Don Pasquale, direction de Roberto Forés

Don Pasquale avec
la direction de Roberto Forés

 

Opéra. Avignon.
Gaetano Donizetti : Don Pasquale.
Andrea Cigni, mise en scène
Roberto Fores-Veses, direction.

Après Clermont-Ferrand, Reims, Rouen, Limoges et Saint-Etienne l’an passé – et avant Massy et Vichy le mois prochain, soit en février 2015 -, c’est dans la huitième maison coproductrice du spectacle – l’Opéra Grand Avignon – que cette réjouissante production de Don Pasquale de Donizetti pose ses valises, le temps de deux représentations. Confiée au metteur en scène italien  Andrea Cigni, la proposition scénique est un cousu-main de grand professionnel, sans aucune faute de goût, … où tout fonctionne impeccablement. L’opposition entre le vieux barbon et le couple d’amoureux qui le bernent – un des ressorts les plus utilisés du genre opéra-comique – est ici revivifiée. Don Pasquale est présenté comme un grippe-sous qui entasse ses lingots d’or dans une immense coffre-fort qui prend tout l’espace du plateau avant que Norina ne le vide (des domestiques peu scrupuleux parachevant le pillage…) pour s’acheter des robes de chez Chanel et autres articles de chez Givenchy ! Des nombreuses trouvailles qui émaillent ce spectacle réussi de bout en bout – et sans aucun temps mort -, citons également l’arrivée de Norina dans une nacelle au milieu d’un jardin fleuri, dans une ambiance fraîche et heureuse, en totale opposition à la maison-caveau, triste et sombre, de Don Pasquale.

 

Mise en scène réjouissante, distribution convaincante

La jeune distribution vocale convainc sans réserves, elle aussi, par son engagement et son homogénéité. Le Don Pasquale de Simone Del Savio n’est en rien un vieux bouffon ridicule, mais plutôt un brave homme affligé des défauts que l’on associe souvent au troisième, voire du quatrième âge.

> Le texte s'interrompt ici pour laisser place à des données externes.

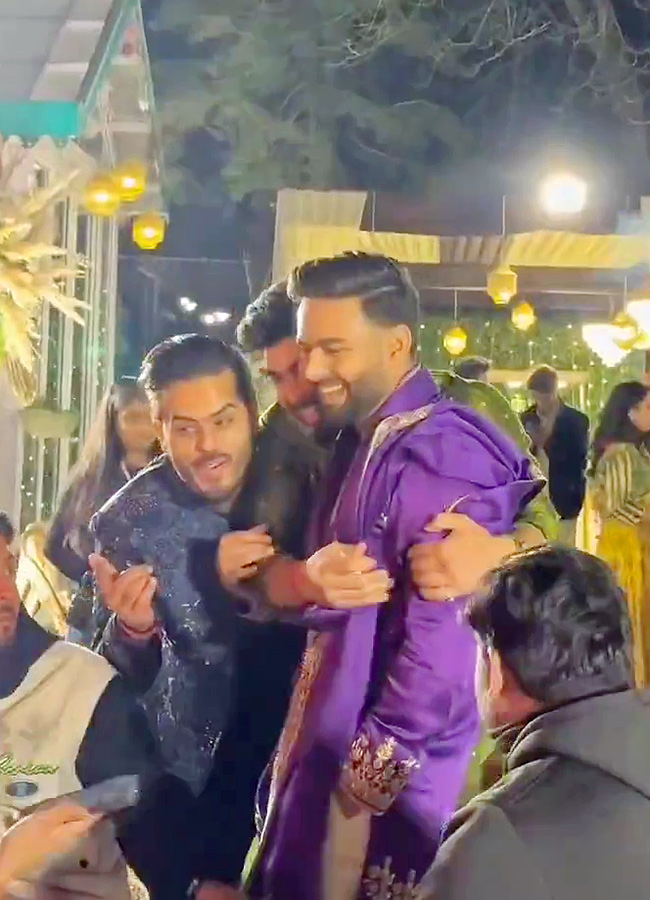 MS Dhoni at Sakshi Pant wedding photos goes viral11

Avare, égoïste, et obstiné, il n’est pas pour autant un archétype, mais un véritable être de chair et de sang, humain de bout en bout, tour à tour hilarant et pathétique, à l’image de cet opéra, où la mélancolie et l’amertume alternent sans cesse avec le comique le plus débridé. A cette caractérisation en tous points remarquables, le baryton italien ajoute une incarnation vocale très plausible, avec une belle maîtrise du chant sillabato.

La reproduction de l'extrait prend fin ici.